*Task brief*.
Could you please transcribe the data exactly, without the pictures?

*Exercise data*.

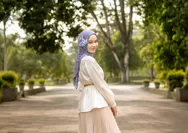 Fifah Sinkha Hadirkan Islamic City Pop Lewat Single “Doa Ku Terkabul”
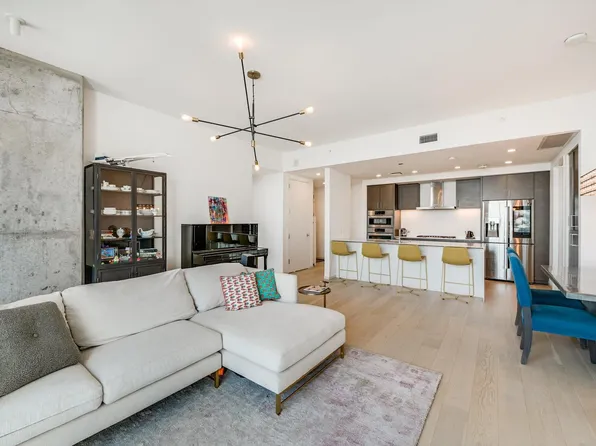 301 West Ave #4002, Austin, TX 78701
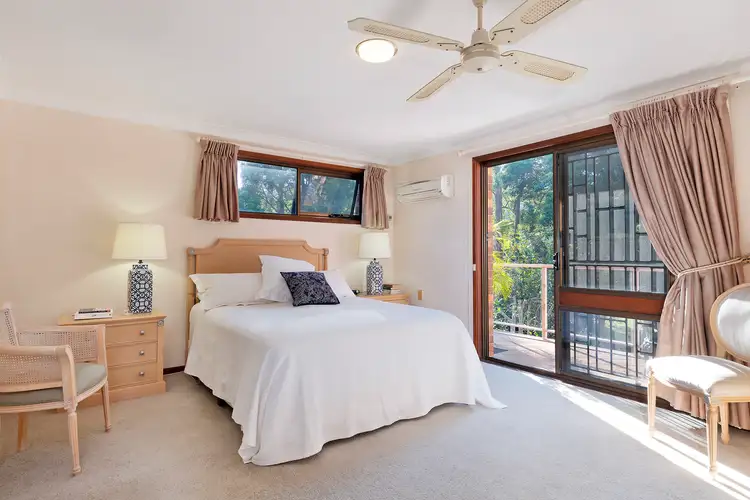 Sixth view of Homely house listing, 96 Toronto Avenue, Cromer NSW 2099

*Exercise answer*.
 Fifah Sinkha Hadirkan Islamic City Pop Lewat Single “Doa Ku Terkabul”
 301 West Ave #4002, Austin, TX 78701
 Sixth view of Homely house listing, 96 Toronto Avenue, Cromer NSW 2099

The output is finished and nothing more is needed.